====== Extracted information
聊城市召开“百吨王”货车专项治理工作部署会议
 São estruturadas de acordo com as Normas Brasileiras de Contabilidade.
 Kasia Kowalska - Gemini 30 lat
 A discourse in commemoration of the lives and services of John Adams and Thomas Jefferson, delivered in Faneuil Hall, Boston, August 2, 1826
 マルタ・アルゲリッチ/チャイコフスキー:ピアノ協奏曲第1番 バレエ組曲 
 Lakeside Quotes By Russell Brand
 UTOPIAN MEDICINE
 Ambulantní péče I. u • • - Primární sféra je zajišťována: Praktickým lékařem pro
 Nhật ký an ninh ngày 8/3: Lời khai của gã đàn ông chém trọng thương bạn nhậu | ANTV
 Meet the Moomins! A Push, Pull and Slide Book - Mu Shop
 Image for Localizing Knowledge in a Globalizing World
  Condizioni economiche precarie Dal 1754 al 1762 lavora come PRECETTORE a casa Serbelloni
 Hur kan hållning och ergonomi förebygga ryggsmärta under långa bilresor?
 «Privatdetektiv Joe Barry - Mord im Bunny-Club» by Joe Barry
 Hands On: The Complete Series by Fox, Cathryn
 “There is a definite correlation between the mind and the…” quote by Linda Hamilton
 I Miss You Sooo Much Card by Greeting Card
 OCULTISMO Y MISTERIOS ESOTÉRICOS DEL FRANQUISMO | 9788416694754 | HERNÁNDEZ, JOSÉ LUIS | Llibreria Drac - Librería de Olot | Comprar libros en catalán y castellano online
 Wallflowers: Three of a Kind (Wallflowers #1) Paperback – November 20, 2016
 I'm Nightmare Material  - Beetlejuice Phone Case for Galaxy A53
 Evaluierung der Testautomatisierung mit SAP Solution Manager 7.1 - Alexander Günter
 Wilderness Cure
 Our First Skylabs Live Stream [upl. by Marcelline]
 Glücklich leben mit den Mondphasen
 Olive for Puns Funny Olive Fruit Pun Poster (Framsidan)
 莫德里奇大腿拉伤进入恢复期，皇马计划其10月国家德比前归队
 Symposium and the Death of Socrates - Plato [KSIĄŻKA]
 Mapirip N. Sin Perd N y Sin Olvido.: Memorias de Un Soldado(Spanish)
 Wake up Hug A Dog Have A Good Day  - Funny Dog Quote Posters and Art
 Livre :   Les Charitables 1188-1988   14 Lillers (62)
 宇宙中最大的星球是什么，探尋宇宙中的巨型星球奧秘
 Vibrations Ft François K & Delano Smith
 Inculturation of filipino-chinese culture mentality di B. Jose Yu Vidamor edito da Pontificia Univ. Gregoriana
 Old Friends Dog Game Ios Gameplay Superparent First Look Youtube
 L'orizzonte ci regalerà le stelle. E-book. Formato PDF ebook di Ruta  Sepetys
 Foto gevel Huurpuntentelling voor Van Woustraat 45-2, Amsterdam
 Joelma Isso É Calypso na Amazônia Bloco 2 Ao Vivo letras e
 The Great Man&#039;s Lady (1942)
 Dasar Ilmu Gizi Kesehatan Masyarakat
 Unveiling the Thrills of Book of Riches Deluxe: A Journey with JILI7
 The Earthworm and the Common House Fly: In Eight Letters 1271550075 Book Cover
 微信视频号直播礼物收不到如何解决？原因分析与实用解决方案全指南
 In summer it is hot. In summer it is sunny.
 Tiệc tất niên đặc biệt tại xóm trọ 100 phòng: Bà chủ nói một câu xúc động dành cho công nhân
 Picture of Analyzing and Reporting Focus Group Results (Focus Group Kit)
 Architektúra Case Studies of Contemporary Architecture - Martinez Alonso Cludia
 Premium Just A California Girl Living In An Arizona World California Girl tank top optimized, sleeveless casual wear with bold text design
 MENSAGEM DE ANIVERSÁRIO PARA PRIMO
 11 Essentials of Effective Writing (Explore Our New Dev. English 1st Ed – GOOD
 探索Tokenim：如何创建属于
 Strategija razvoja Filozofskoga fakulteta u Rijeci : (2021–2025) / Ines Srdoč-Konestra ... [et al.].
============
* [Prompt]: One stretch of the lines above is wanted, from the line that contains "Image for Localizing" through the line that contains "Foto gevel Huurpuntentelling". Output it exactly.

* [Expected answer]:
 Image for Localizing Knowledge in a Globalizing World
  Condizioni economiche precarie Dal 1754 al 1762 lavora come PRECETTORE a casa Serbelloni
 Hur kan hållning och ergonomi förebygga ryggsmärta under långa bilresor?
 «Privatdetektiv Joe Barry - Mord im Bunny-Club» by Joe Barry
 Hands On: The Complete Series by Fox, Cathryn
 “There is a definite correlation between the mind and the…” quote by Linda Hamilton
 I Miss You Sooo Much Card by Greeting Card
 OCULTISMO Y MISTERIOS ESOTÉRICOS DEL FRANQUISMO | 9788416694754 | HERNÁNDEZ, JOSÉ LUIS | Llibreria Drac - Librería de Olot | Comprar libros en catalán y castellano online
 Wallflowers: Three of a Kind (Wallflowers #1) Paperback – November 20, 2016
 I'm Nightmare Material  - Beetlejuice Phone Case for Galaxy A53
 Evaluierung der Testautomatisierung mit SAP Solution Manager 7.1 - Alexander Günter
 Wilderness Cure
 Our First Skylabs Live Stream [upl. by Marcelline]
 Glücklich leben mit den Mondphasen
 Olive for Puns Funny Olive Fruit Pun Poster (Framsidan)
 莫德里奇大腿拉伤进入恢复期，皇马计划其10月国家德比前归队
 Symposium and the Death of Socrates - Plato [KSIĄŻKA]
 Mapirip N. Sin Perd N y Sin Olvido.: Memorias de Un Soldado(Spanish)
 Wake up Hug A Dog Have A Good Day  - Funny Dog Quote Posters and Art
 Livre :   Les Charitables 1188-1988   14 Lillers (62)
 宇宙中最大的星球是什么，探尋宇宙中的巨型星球奧秘
 Vibrations Ft François K & Delano Smith
 Inculturation of filipino-chinese culture mentality di B. Jose Yu Vidamor edito da Pontificia Univ. Gregoriana
 Old Friends Dog Game Ios Gameplay Superparent First Look Youtube
 L'orizzonte ci regalerà le stelle. E-book. Formato PDF ebook di Ruta  Sepetys
 Foto gevel Huurpuntentelling voor Van Woustraat 45-2, Amsterdam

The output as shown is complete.